Ahora es (así lo proclama la sublime luna)
una medianoche del dulce mes de junio,
cuando las aladas visiones gustan aquietarse,
ociosas, sobre los ojos de la belleza,
o, aún peor, sobre su rostro, y danzan,
con la panoplia de una antigua historia,
hasta que pensamiento y cadenas se desvanecen, ¡ay!,
una guedeja nunca desenredada.
Una oscura nebulosa de rocío
resbala desde tal áurea orilla;
grises torreones se convierten en polvo,
la niebla abraza su seno,
tal que Leteo, ¡ved!, el lago
parece rendido en consciente somnolencia
y por nada del mundo querría despertar:
el romero duerme sobre la tumba,
el lirio se inclina sobre la ola,
y un millón de brillantes pinos se mecen,
arrullan con su canción de cuna
al roble solitario, que se mueve con deleite
y hace una reverencia al oscuro abismo.
¡Toda la Belleza duerme! ¡Ahí yace
con sus escotillas abiertas hacia el cielo,
Irene, con sus Destinos!
Así susurra la luna en su oído,
¡oh dulce dama! ¿Cómo aquí arribaste?
«¡Extraños son tus párpados y extraño tu vestido
Y extraña la gloriosa altura de los árboles!

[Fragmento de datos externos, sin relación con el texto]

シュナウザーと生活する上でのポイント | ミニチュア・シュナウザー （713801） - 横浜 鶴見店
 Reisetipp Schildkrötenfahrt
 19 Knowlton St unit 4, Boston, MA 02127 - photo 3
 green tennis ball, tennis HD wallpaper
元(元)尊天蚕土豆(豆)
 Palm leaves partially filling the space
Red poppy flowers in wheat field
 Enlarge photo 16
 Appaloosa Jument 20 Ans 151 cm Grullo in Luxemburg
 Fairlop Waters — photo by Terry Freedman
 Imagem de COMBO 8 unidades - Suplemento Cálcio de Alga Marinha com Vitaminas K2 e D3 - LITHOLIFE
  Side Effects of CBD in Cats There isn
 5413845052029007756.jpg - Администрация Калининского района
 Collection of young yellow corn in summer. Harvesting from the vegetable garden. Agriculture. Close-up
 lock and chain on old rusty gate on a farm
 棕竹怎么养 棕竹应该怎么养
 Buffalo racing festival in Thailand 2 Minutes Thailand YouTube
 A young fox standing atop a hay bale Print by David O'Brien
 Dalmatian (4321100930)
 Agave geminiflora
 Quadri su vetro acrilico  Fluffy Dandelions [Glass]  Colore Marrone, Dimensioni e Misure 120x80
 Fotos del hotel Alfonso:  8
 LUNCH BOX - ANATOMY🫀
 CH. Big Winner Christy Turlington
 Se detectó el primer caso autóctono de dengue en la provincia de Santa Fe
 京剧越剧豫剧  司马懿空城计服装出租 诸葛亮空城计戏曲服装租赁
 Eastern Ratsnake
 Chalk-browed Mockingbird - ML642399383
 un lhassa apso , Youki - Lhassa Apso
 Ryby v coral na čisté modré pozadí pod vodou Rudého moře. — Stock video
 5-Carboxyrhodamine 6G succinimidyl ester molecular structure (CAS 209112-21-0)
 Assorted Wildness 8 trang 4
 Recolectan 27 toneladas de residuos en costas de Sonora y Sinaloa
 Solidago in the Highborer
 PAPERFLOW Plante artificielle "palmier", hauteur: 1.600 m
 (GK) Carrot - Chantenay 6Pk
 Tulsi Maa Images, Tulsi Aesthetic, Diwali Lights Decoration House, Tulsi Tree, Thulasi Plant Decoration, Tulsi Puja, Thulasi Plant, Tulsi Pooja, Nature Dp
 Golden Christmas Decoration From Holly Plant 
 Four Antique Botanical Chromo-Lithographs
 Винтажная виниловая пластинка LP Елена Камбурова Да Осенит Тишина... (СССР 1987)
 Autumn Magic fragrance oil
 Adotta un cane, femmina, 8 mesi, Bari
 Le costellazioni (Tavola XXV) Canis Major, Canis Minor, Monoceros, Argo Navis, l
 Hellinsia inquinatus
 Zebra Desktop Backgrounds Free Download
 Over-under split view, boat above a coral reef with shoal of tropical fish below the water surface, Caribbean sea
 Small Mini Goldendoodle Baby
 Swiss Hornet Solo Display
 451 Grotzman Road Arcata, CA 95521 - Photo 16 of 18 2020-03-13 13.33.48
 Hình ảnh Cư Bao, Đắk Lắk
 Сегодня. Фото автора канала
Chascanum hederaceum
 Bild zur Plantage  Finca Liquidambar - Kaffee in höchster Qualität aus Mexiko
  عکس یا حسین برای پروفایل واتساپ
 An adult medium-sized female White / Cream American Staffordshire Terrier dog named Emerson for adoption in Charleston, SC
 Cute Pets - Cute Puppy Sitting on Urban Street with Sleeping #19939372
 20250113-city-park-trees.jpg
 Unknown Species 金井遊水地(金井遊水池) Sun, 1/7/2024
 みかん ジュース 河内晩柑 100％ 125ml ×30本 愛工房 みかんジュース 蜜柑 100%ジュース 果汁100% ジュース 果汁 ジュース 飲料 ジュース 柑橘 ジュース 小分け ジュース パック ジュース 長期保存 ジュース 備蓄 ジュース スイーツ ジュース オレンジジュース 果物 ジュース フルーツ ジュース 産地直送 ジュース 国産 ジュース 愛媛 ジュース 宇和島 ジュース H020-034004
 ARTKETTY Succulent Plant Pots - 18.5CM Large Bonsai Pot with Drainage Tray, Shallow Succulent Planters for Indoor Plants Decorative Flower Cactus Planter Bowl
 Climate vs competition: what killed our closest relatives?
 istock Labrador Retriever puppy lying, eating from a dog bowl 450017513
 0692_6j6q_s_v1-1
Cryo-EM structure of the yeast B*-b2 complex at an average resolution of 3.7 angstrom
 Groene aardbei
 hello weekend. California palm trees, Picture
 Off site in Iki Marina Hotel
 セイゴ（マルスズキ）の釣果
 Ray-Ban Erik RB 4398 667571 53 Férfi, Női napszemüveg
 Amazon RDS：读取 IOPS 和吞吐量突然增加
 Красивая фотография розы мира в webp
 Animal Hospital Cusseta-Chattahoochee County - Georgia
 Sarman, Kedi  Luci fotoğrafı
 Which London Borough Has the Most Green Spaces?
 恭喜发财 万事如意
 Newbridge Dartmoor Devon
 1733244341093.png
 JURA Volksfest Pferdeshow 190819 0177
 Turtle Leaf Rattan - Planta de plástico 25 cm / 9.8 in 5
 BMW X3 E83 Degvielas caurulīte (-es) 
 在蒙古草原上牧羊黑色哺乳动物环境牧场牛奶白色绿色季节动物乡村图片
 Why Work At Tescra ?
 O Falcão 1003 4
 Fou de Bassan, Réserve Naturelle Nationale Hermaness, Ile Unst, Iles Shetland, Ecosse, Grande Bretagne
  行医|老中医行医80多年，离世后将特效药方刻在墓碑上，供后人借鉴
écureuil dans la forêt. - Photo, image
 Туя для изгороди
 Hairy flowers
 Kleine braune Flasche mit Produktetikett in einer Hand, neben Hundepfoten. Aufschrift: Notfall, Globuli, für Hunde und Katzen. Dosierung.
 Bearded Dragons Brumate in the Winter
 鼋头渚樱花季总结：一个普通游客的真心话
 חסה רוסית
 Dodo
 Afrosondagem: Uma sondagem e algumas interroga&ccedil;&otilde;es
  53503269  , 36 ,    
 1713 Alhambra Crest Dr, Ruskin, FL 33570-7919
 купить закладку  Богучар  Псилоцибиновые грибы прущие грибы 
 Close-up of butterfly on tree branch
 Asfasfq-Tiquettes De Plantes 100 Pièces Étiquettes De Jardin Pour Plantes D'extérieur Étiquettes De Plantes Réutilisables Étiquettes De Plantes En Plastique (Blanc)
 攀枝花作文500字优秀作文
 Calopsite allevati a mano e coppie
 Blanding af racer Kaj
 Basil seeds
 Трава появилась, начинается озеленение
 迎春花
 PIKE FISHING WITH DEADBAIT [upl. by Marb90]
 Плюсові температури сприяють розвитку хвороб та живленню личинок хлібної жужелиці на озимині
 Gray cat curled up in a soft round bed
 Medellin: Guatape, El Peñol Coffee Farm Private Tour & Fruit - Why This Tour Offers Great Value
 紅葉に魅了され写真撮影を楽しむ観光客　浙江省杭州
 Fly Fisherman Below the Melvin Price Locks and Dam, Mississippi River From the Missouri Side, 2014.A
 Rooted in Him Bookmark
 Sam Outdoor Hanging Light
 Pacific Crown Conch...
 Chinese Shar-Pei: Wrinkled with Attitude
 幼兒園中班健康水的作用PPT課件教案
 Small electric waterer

¡Seguro que arribaste desde remotos mares,
admiración de nuestros solitarios bosques!
Un suave viento con decisión quiso
abrir esta ventana a la noche,
¡y las inquietas corrientes, desde las copas de los árboles
atraviesan, con sonrisas, las celosías o es,
Y flamean este dosel carmesí
como un estandarte sobre tus durmientes ojos!
¡Dama, despierta! ¡Despierta, dama!
¡Por amor del sagrado Jesús!
¡Pues extraña y temerosamente, en esta cámara
mis tiznadas sombras se alzan y desvanecen!».
Duerme la dama, y todos los muertos duermen
al menos, en tanto el Amor se lamenta:
extasiado, el espíritu gusta aquietarse
mientras lagrimas brotan de la memoria
mas, pasadas una o dos semanas,
cuando la luz burlona la vista fucila,
indignada desde la tumba el camino
toma, hacia aquel rememorado lago
en que, a menudo, en vida, con amigos,
se zambulló en su puro elemento,
Y allí, sobre la no hollada hierba,
coronadas sus lucientes sienes
con flores que hablan (¡ah, escúchalas!)
a los vientos nocturnos mientras pasan,
«¡mirad!, mirad!».
Mira por un instante, antes de que desaparezca
en las aguas cristalinas que corren
Y se suma, por el peso de la angustia,
en este extraño y oscuro cielo inferior.
¡La dama duerme! ¡Oh, sea su sueño,
que se prolonga, profundo!
Que gélidos vermes no se deslicen sobre ella
ruego a Dios que yazga siempre
con tan plácidos ojos,
que la cámara mute en más sagrada,
y el lecho, en más melancólico.
Lejos en el bosque anciano y oscuro
se descubre, para ella, una majestuosa cripta,
a cuya cancela ella había lanzado,
en su infancia, más de un inútil guijarro;
una tumba donde a menudo ondeaban
las negras ensenas del alado vampiro,
que se agitan, triunfantes, sobre los palios
de sus ancianas exequias familiares.